Despite a diminished role in Chrysler’s hierarchy, the Omni and Horizon enjoyed respectable sales, even experiencing somewhat of a resurgence mid-decade. They quietly soldiered on through the end of the 1980s, sticking around for the inaugural year of the 1990s. In spite of this, the Omni and Horizon were not neglected. Trim details and equipment levels were expectedly shuffled around every few years, with new seat designs, upholsteries, and wheel covers among the visual changes.
The K-cars’ slightly more robust 2.2L inline-4 was added as an option in 1981, mated to either a new 4-speed manual with overdrive or the Torqueflite automatic gearbox. The Simca 1.6L finally found its way into the American Omnirizon in 1983, replacing the VW engine as the base power plant. The 2.2L would become the only engine from 1987-on, finally gaining electronic fuel injection in 1988.
New taillights also came for 1983, with each brand getting its own design. The following year, the cars received new front fascias with brand-specific grilles. Inside, a slightly revised upper dash with new gauge cluster came for 1984, along with two new cloth-and-vinyl sport bucket seat designs for the base and up-level SE models.
1984 also saw Dodge turn to Carol Shelby to add some spice with the Omni GLH. With a higher compression ratio and revised camshaft profile, output from the 2.2L was up to 110 horsepower and 129 pound-feet of torque. Along with a 5-speed manual, Dodge’s first foray into the hot hatch segment was capable of a zero-to-sixty time of 8.7 seconds. Among other performance modifications, Shelby also added stiffer springs, firmer dampers, bigger brakes, performance tires, and a quicker steering ratio. Cosmetically, the GLH was differentiated from lesser Omnis by its blackout trim, special badging, and 15-inch “Swiss Cheese” aluminum wheels.
For 1985, the GLH was now available with a 2.2L turbo, bumping horsepower up to 146 and torque to 170. A body kit was now standard, as were a new wheel style. For the GLH’s final year in 1986, 500 examples were badged as the Shelby GLHS, gaining a host of additional performance upgrades, most notably a new turbocharger that boosted horsepower and torque to 175 each. Zero-to-sixty times for the GLHS were around 6.5 second. No bad at all for 1986.

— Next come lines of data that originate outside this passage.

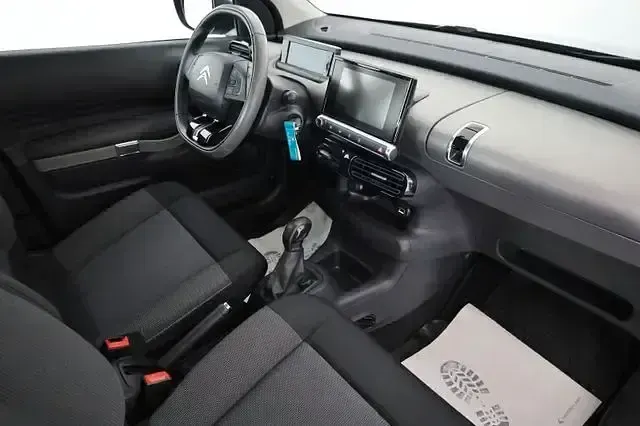 Gebraucht Citroën C4 Cactus SELECTION 82 PS (60 kW) 2017 Andere Kleinwagen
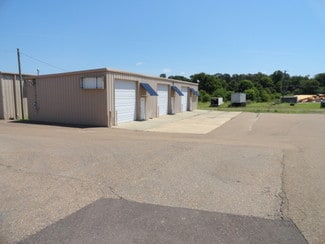Plus de détails pour 576 Highway 51 S, Batesville, MS - Industriel/Logistique à louer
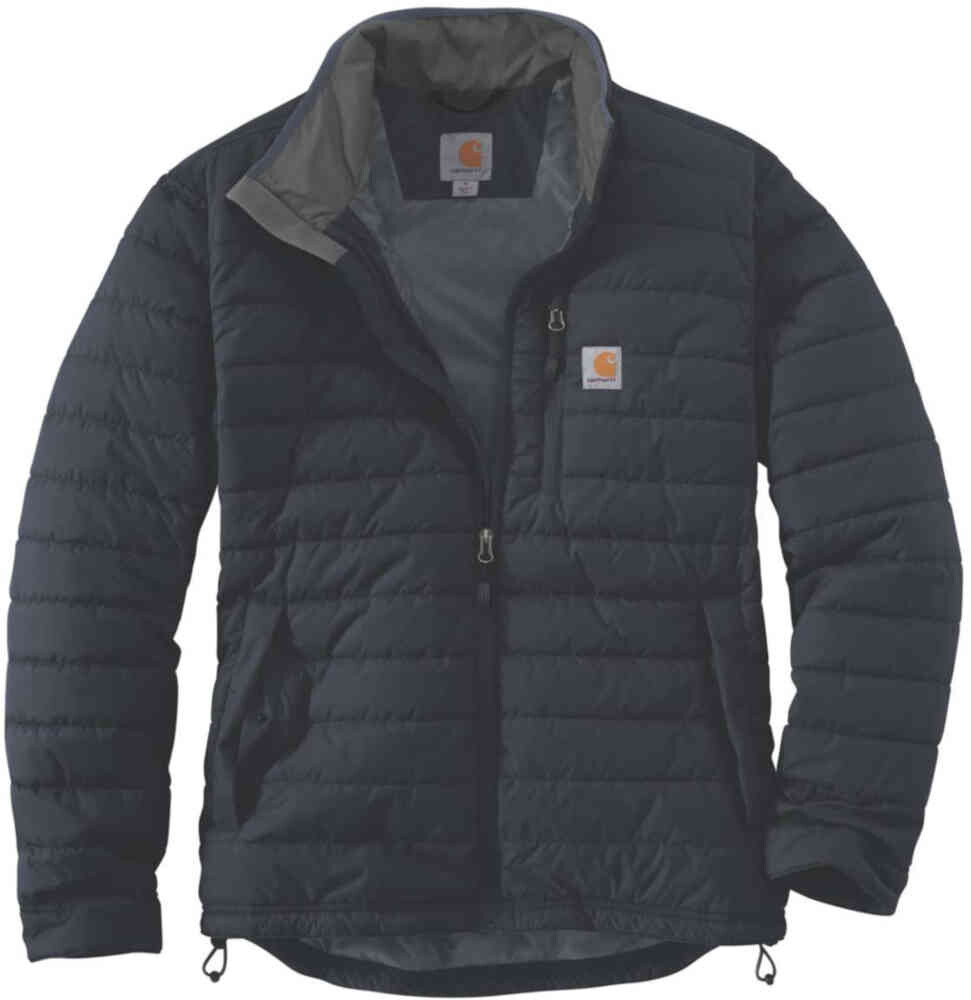 

Куртка Гиллиам Carhartt, темно-синий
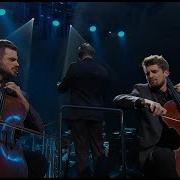 2CELLOS Cinema Paradiso Live At Sydney Opera House
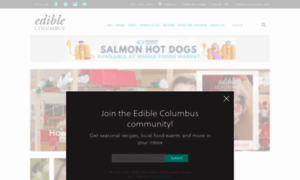 Ediblecbus.com thumbnail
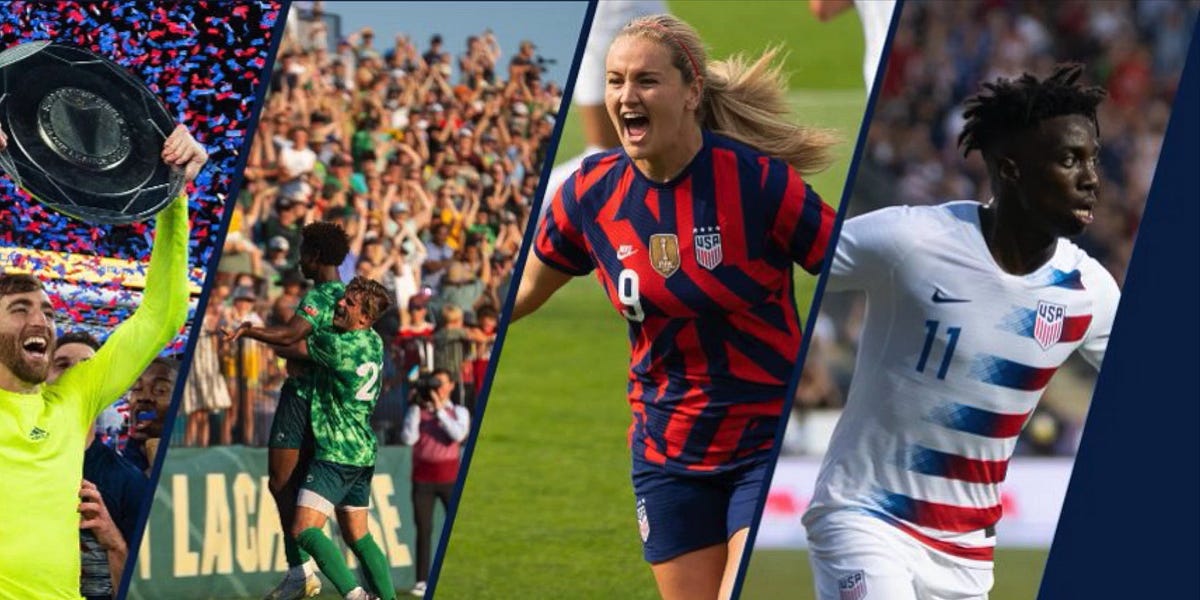 TBM Interviews Callum Williams About Leagues Cup, Summer Transfers, and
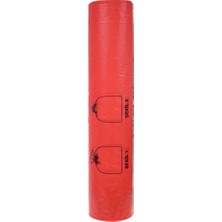 Star Jumbo Tıbbı Atık Baskılı Poşet 80*110 800 gr 1 Adet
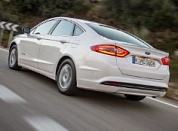     Ford Mondeo 5 (  5)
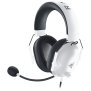 RAZER BLACKSHARK V2 X - WHITE USB HEADSET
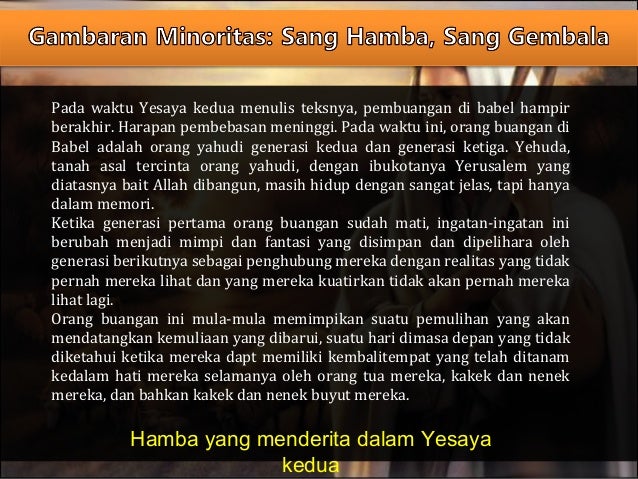 Yesus Bagi Orang Non Religius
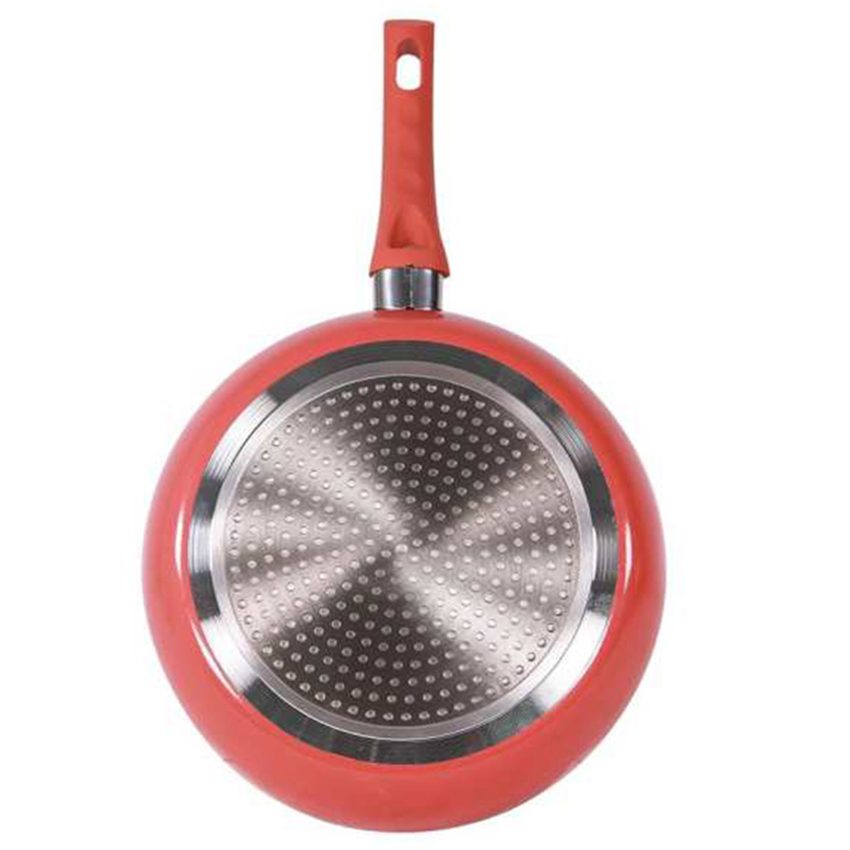 Chảo trơn Sunhouse mama SFP30MA - Hàng chính hãng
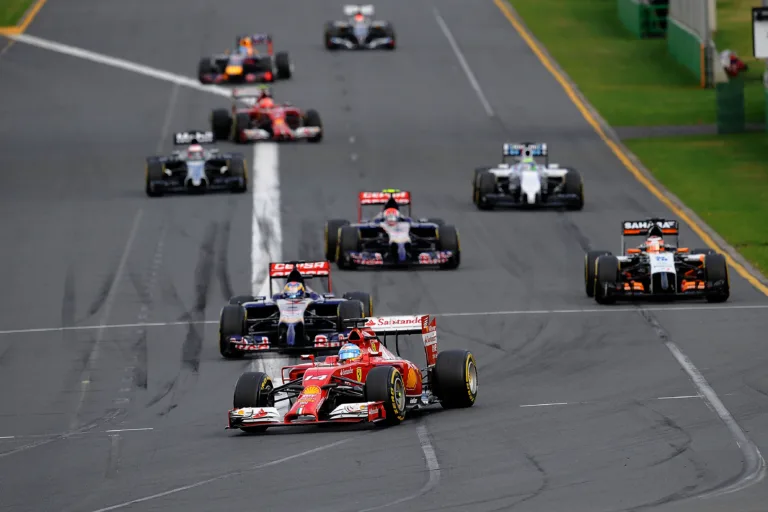 Tíz éve rettegve várták az F1 nagy reformját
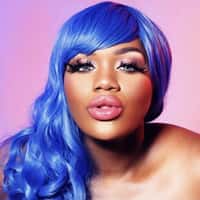 Beverly Blue (@BeverlyBlue) Official Clapper | Watch Beverly Blue's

With the arrival of the Dodge Shadow/Plymouth Sundance for the 1987 model year, the Omnirizon’s end began to look probable on the horizon. Trim levels and separate options for both the Omni and Horizon were consolidated into a single, standard-equipment “America” trim, with an available Discount Package adding all remaining optional features including upgraded high-back sport buckets, center console, and AM/FM radio. In doing this, Chrysler was able to reduce production costs and complexities, thereby increasing value and quality for the consumer.
With sales holding steady and all tooling for the L-body paid for, each Omni/Horizon sold were pure profit for Chrysler, a key driver in the automaker keeping these cars around for so long, despite newer models superseding any real need for the L-body. The Omnirizon entered the ’90s and its swan song season with several updates including larger exterior mirrors, a driver’s airbag, a new center console, and a redesigned instrument panel with centrally-located HVAC controls.

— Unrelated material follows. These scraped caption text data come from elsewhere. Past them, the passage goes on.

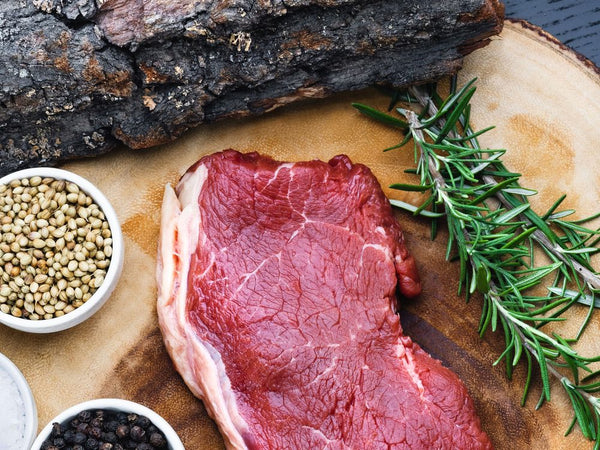 Idaho Premier Meats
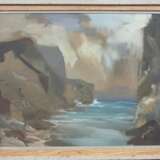 Paysage Mid-20th century - photo 1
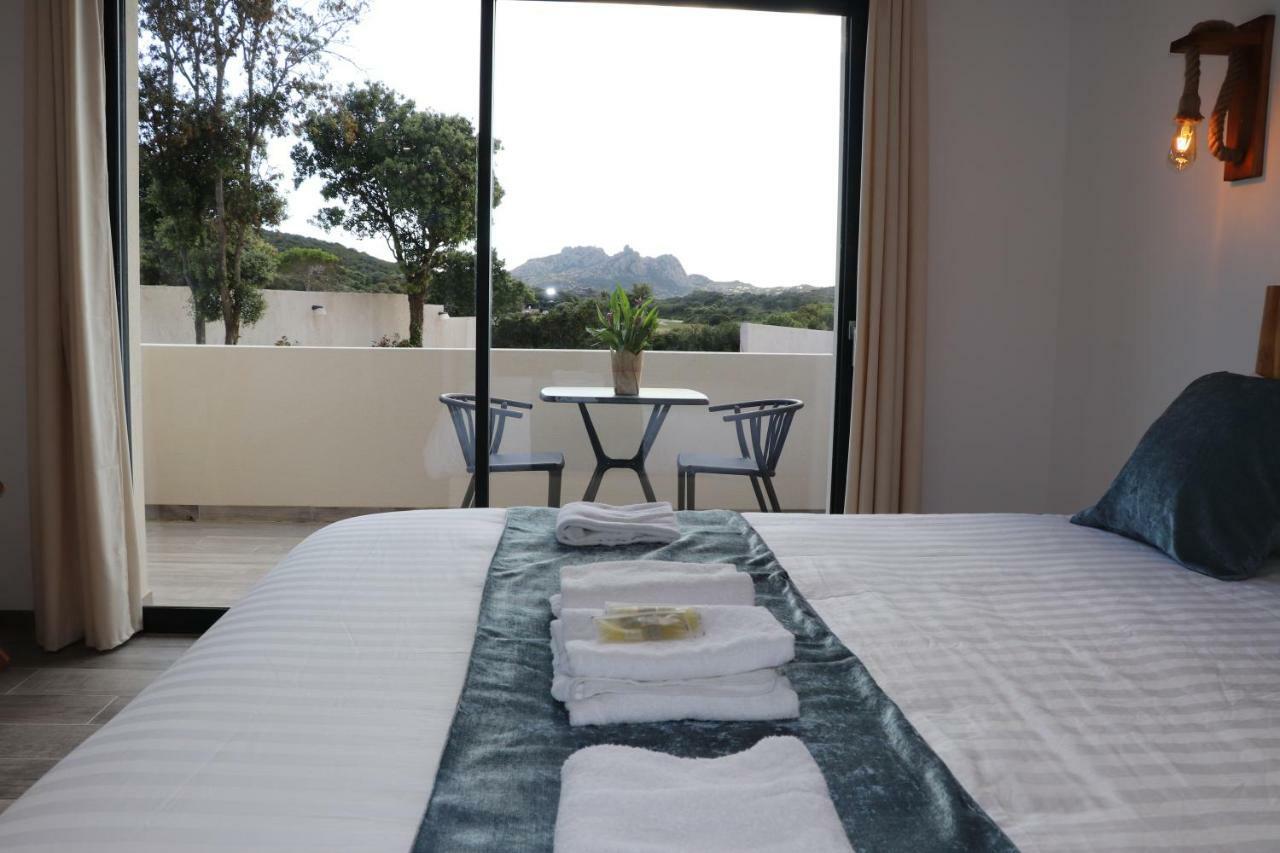 Hotel Fazio โบนิฟาซิโอ ภายนอก รูปภาพ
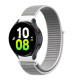 Ремешок Универс 20mm Nylon для Samsung/Amazfit/Huawei Колір Black 2020000419952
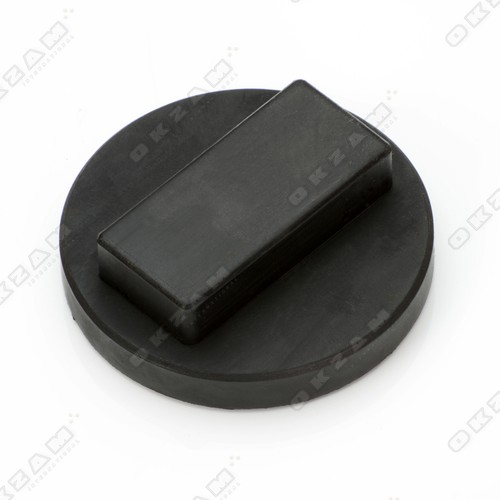 2x JACK PAD RUBBER PAD TOOL FOR BMW 1 SERIES 51717065919 *NEW*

After thirteen years of production, Chrysler quietly discontinued the Omnirizon duo after the 1990 model year. Total Omni/Horizon production (excluding the 3-door 024/TC3) totaled 1,658,312 units, with the breakdown at 762,552 Omnis and 895,760 Horizons, for a 45.9/54.1 percent split. Largely due to the success and widespread application of the K-platform, the L-body Omni and Horizon are largely forgotten today, despite their unusually long shelf life for a Chrysler product. Regardless of their memorability, the Dodge Omni and Plymouth Horizon were a crucial vehicle in Chrysler’s history, and without them, there likely never would have been the K-car or a Chrysler today.